In the recent prisoner handover, the FARC were willing to release Colombian soldiers, the wealthy reactionary politician and French citizen named Ingrid Betancourt and three U.S. mercenaries. The three American military contractors were paid by Northrop Grumman to help kill Colombians. In the Washington D.C. trials of FARC leader Ricardo Palmera, it was revealed that Marc Gonzalves, Keith Stansell and Thomas Howes provided ‘real time’ information from their high-tech airplane to the Colombian military in its war against the peasant fighters of the FARC. This direct involvement by U.S. soldiers of fortune in Colombia’s civil war is risky business. It shows the calm restraint of the FARC that the three returned to the U.S. in such good shape.

However, soldier of fortune Marc Gonsalves spoke strong words against the Colombian revolutionaries who are fighting to free their country from U.S. domination and war. Like the patriot-for-pay that he is, Gonsalves defensively repeated again and again the big lie of the Bush administration, “the FARC are not revolutionaries.” Poor Marc Gonsalves – his big story of abuse involves his captors making him carry a heavy backpack in the jungle while marching tied together with other prisoners and under armed guard. Compared to the treatment the U.S. military gives prisoners of war at Guantanamo and Abu Ghraib, one would think Marc Gonsalves and the others might appreciate their good health and fair treatment in someone else’s country.

The effect of the prisoner raid is that the U.S. seized the media spotlight away from the FARC. The fact the FARC was already releasing the prisoners is swept clean from U.S. news stories. This pleases the Bush White House to no end. Bush has just boosted Colombian President Uribe out of a sticky situation where the Colombian Supreme Court was questioning the legitimacy of Uribe’s last election.

Despite Bush’s support, President Uribe’s regime is shaky due to his personal and political ties to narco-traffickers and corruption. An old U.S. intelligence report ties Uribe to the infamous cocaine trafficker Pablo Escobar. So does Escobar’s surviving girlfriend. No matter to the White House, Uribe is their man. Uribe’s rule consists of death squad terror for peasants, trade unionists, student activists and human rights defenders. In the countryside deadly chemical poison is sprayed on countless acres of land where FARC support is strongest, driving peasants off the land. Only Iraq has a bigger refugee crisis. Poor Colombians are forced into shantytowns around the big cities. Police and right-wing paramilitaries patrol the shantytowns in tandem. Repression is all around for working and low-income people.

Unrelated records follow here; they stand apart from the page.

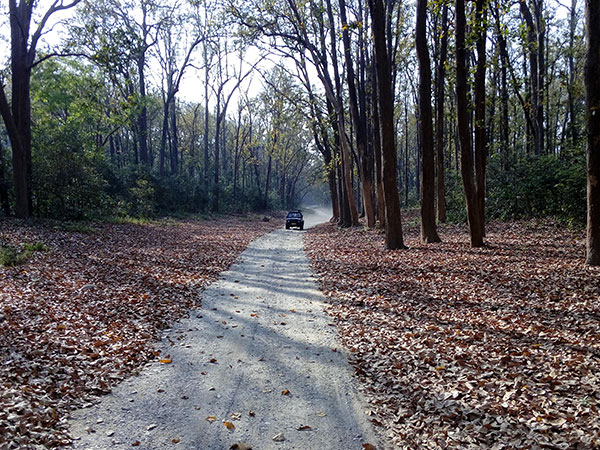 कुमाऊं कैसे पहुंचे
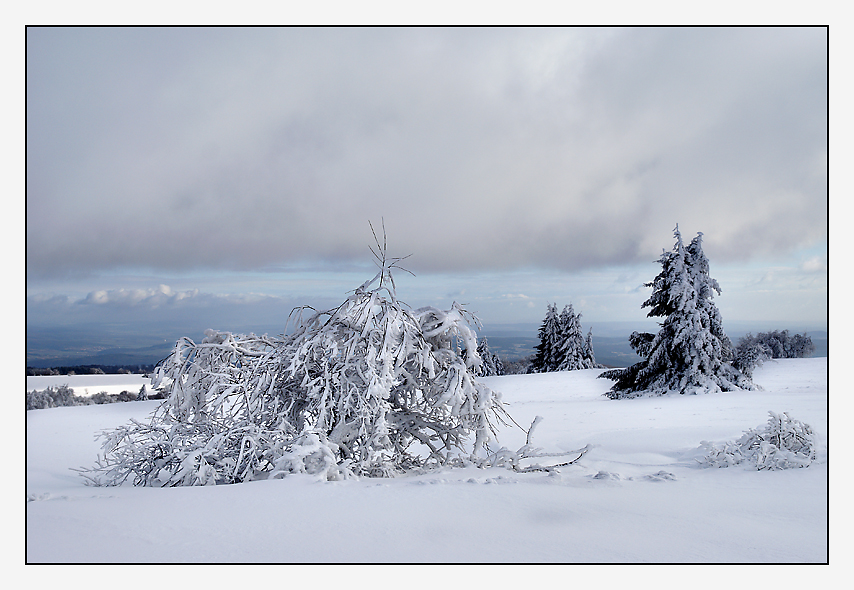 covered with snow VII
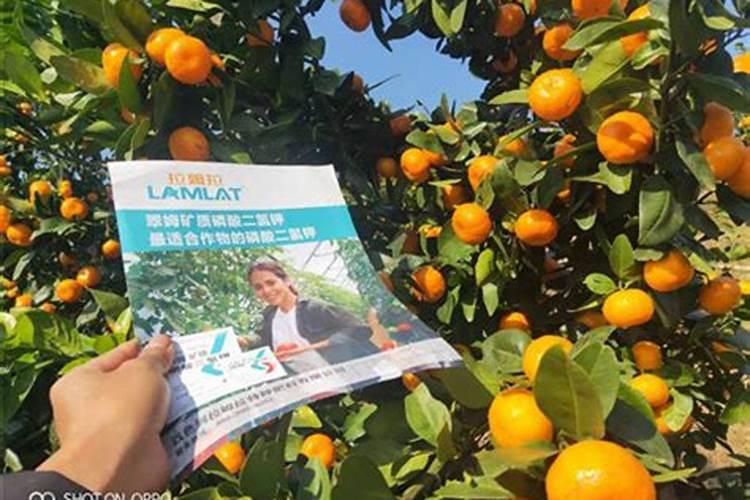 蓝莓开花结果期施什么肥好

For sections of the middle classes and the rich oligarchy in Colombia, the situation is one of combativeness as they mobilize to support Uribe and the violence of the Colombian state. The wealthy elite who rule Colombia and sell off its natural resources to U.S. corporations are perfectly willing to ignore the repression and the terror in the countryside. They are happy to have U.S. Southern Command conducting the war in their country, but they are careful not to speak too loudly about it. There are 800 U.S. military advisors, 600 military contractors, and scores of U.S. Special Forces on Colombian soil to direct the dirty war.

The rich people who rule Colombia are bathed in the blood of tens of thousands of peasants, workers and leftists. U.S. taxpayers foot the bill to the tune of $5 billion. The Bush administration fully backs the corrupt, narco-trafficking, death squad government of President Uribe. Without this, the wealthy few who rule Colombia with a bloody hand would be chased from power, never to return. The Uribe regime would collapse in months. Death squad democracy would be history, revolution a certainty.

Nevertheless, due to the recent blows against the FARC leadership, American imperialists, Colombian reactionaries and fools of all stripes want to claim the FARC are collapsing or are ‘finished.’ Others who should know better, because they know how it feels to be hunted by assassins, are suggesting that the FARC should one-sidedly ignore the history of Colombia and surrender their weapons. This is wishful thinking. In Colombia, laying down arms is akin to suicide.

For those who want social change in Colombia, the electoral road ends in the cemetery. The Colombian state murdered more than 4000 members, candidates and elected officials of the left-wing party, the Patriotic Union, in the late 1980s. In 1987, Patriotic Union political leader Ricardo Palmera went and joined the FARC, dedicating his own life to continuing the struggle. In his U.S. trials, Professor Palmera said, “My choices were death, exile, or joining the fight in the countryside.” In Colombia, those on the freedom road must carry arms if they are going to defend the people and reach their destination.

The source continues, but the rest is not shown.